Edge’s surprise comeback was originally targeted for 2020, but like a lot of things that year it hit a considerable speed bump.

It started promisingly enough at the 2020 Royal Rumble — 42,715 fans at Minute Maid Park in Houston, and not one of them saw Edge’s arrival coming. It was anything but a celebrity cameo, as sometimes happens at the over-the-top-rope melee. Drawing the 21st slot, Edge eliminated A.J. Styles, Luke Gallows and Orton, making it to the final three with eventual winner Drew McIntyre and runner-up Roman Reigns. Aesthetically, it ranked as a success and promised big things in shows ahead. Shortly thereafter, though, a 46-year-old tricep didn’t cooperate, and at a pretty inconvenient time: during a match against Orton at the Backlash PPV. “It tore off the bone and I knew it was bad,” he says. “I’ve torn enough stuff that I know. I had a nauseous feeling, cold sweats. My friend who’s a surgeon operated on it and he told me, ‘We put four anchors in your elbow, so it’s not going anywhere, but it’s not going to feel great for awhile.’”

It looked like the comeback would be derailed. Maybe in other games you can get away with one arm — tennis, say — but two healthy wings are pretty essential in the ring. And then throw in the pandemic, a whole other level of complication. Copeland could have pulled the chute at that point, but, after all he had been through, his fusion surgeries, a torn Achilles and umpteen other injuries over the years, he wasn’t going to get discouraged. “Fact is, I didn’t miss a day at the gym,” he says. “I could still do my cardio. I could still lift weights with my good side, so I never stopped. I just had to reconfigure what I did. The elbow was like a cavity. A year later, I still know it’s there.
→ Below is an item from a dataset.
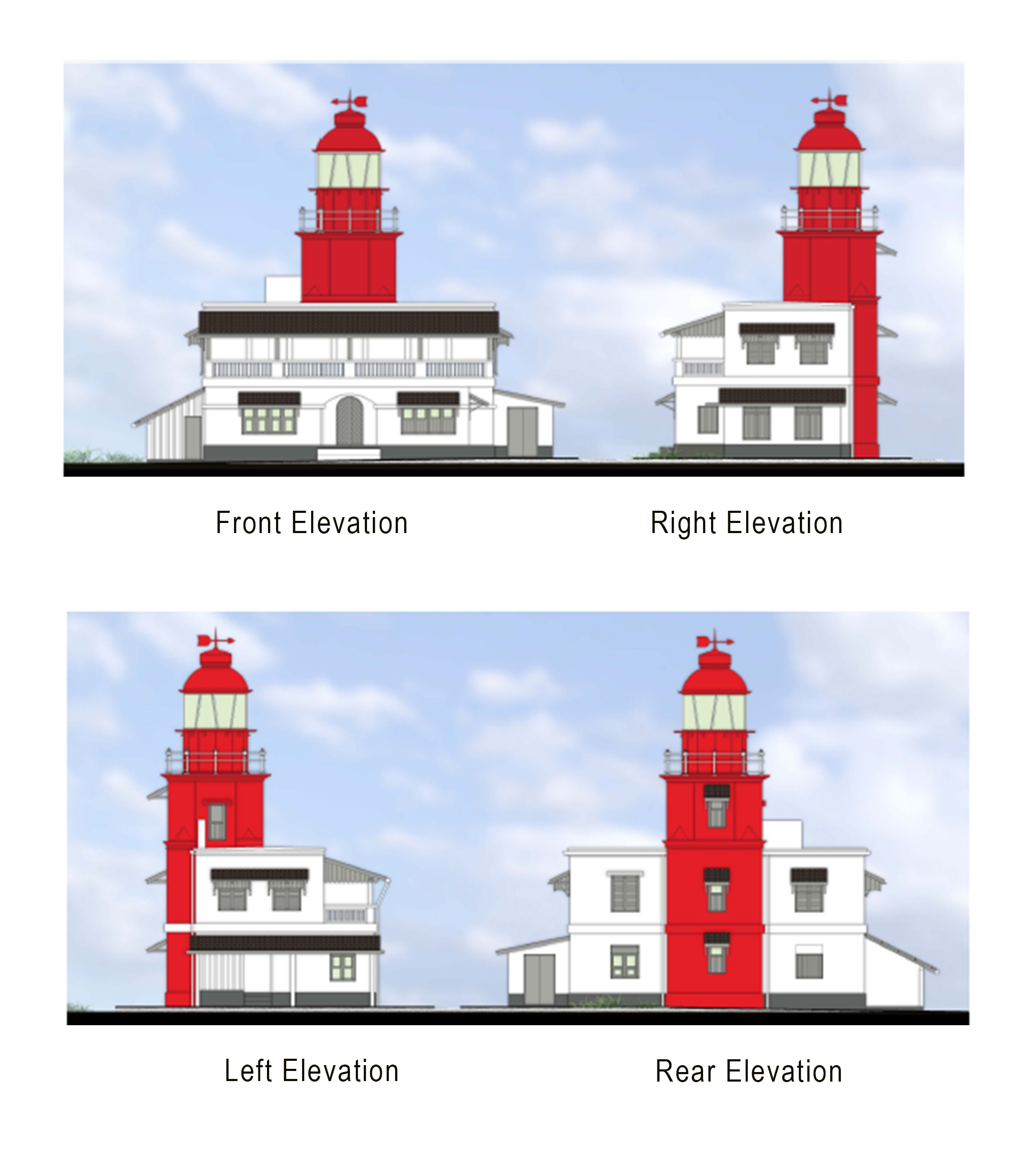 Pulau Undan Lighthouse - Image 9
I’ve found with any surgery, it usually takes about a year to get to where you can say, ‘Okay, the pain is gone. The residual pain is gone.’”

No doubt adrenaline in the heat of competition numbed any residual pain over the hour Edge was in the ring at the 2021 Royal Rumble. Maybe that pain will be fully gone by the time he is played into the ring with “Metalingus” at WrestleMania to face Roman Reigns, who’ll be defending the Universal Championship. Edge won’t be the only challenger in the ring — Daniel Bryan will also be in the mix in a three-man match, unique at the top of the card on the WWE’s big night. What will go down from there, where the story of Edge will go, you can only guess. Think less about outcome than effect, and there are some safe bets: It won’t be all about him, even if he comes away with the title. He put the interest of the brand and the event first when the Undertaker’s Streak was on the line; it’s no great leap to envision the match against Reigns as a catalyst rather than a final destination.

It’s a cliché to say you’re “just happy to be here,” but that’s the point that Edge has reached at age 47, in his surprising second act. “Being a dad has given me more appreciation for life,” he says. “Losing my mom, losing John — Beth’s dad. All of those things made me realize, you just have to live in the moment and appreciate everything you really do. Because when you stop doing that, then you become that jaded malcontent. I don’t want to do that. And that can be easy to do in the grind. I’m just soaking all of this up. I get in that locker room and I have young guys come up to me asking questions. It’s so much fun. It’s invigorating. I’m in heaven.”